Aditi Tandon
New Delhi, October 1
There will be a direct contest between Mallikarjun Kharge (80) and Shashi Tharoor (66) for the post of Congress president with the papers of the third candidate, KN Tripathi, former Jharkhand MLA of the party, being rejected on Saturday following scrutiny.
Kharge sends LoP resignation to Sonia
- Mallikarjun Kharge on Saturday sent his resignation from the post of the Leader of the Opposition (LoP) in the Rajya Sabha to Sonia Gandhi in line with the ‘one person, one post] rule.
- Former MP CM Digvijay Singh could be Kharge’s replacement.
The chairman of the Congress Central Election Authority, Madhusudan Mistry, after the scrutiny committee meeting today, said the authority had received 20 nomination forms of which four had been rejected for variation and repetition of proposer signatures.
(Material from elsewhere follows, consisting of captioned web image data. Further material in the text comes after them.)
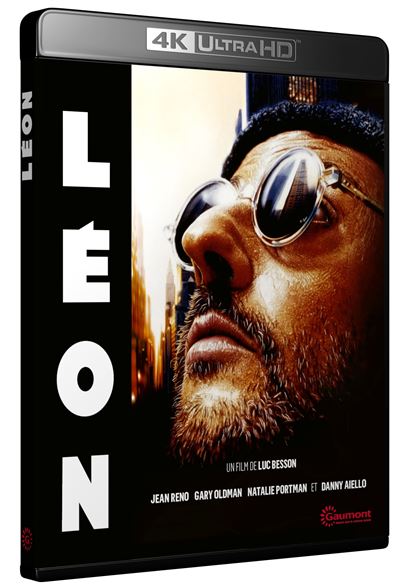 Blu-ray 4K à petit prix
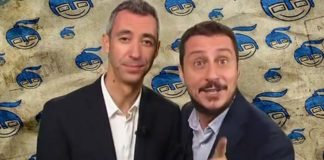 Luca e Paolo a Dimartedì su LA7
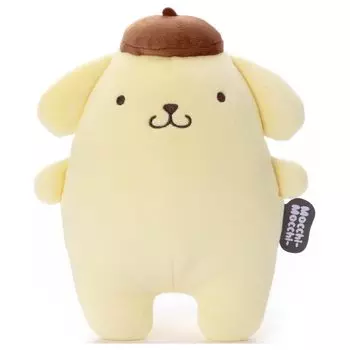 Персонажи Sanrio Mocchi-Mocchi- Plush S Pompompurin Plush Высота Приблизительная. 20см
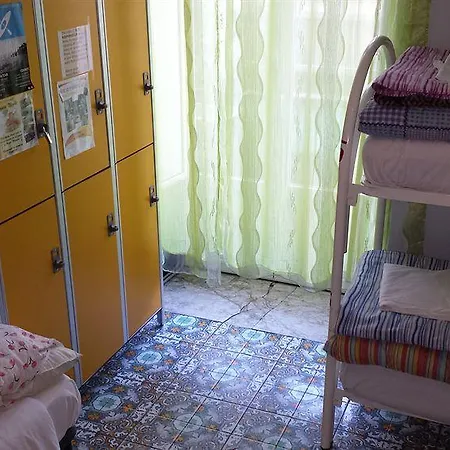 Mancini Hostel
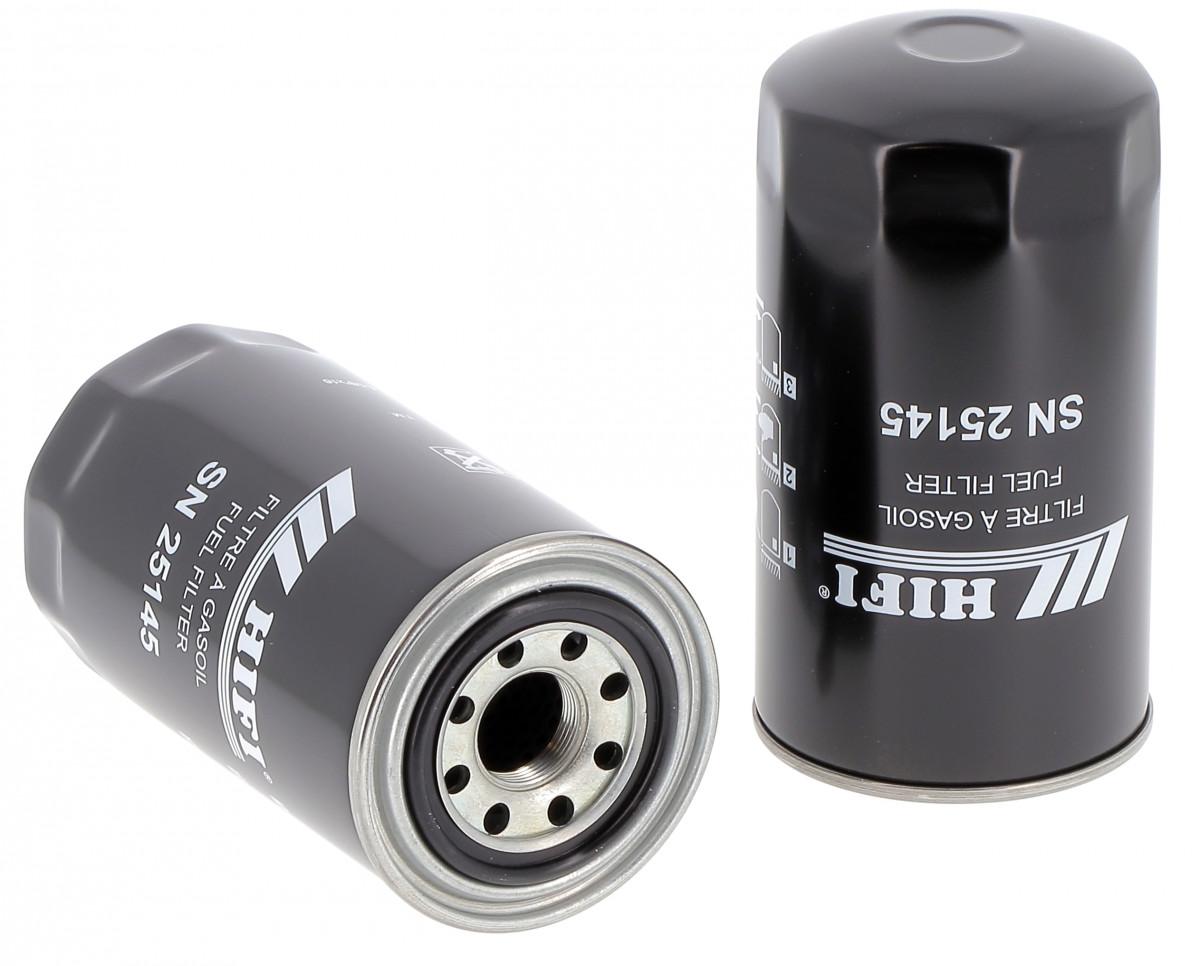 Filtr paliwa  SN 25145 do HITACHI ZX 350-7 LC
All rejected forms pertained to Tripathi, Mistry said, announcing that there were now only two candidates in the fray for the party president’s post. “The last date for withdrawal is October 8. If no one withdraws, we will proceed with the formalities of voting and election,” said Mistry. The election, if required, will be held on October 17, a first in 22 years. As soon as the official notice was out, Tharoor exuded confidence in his campaign and said he was delighted to take on party heavyweight Kharge.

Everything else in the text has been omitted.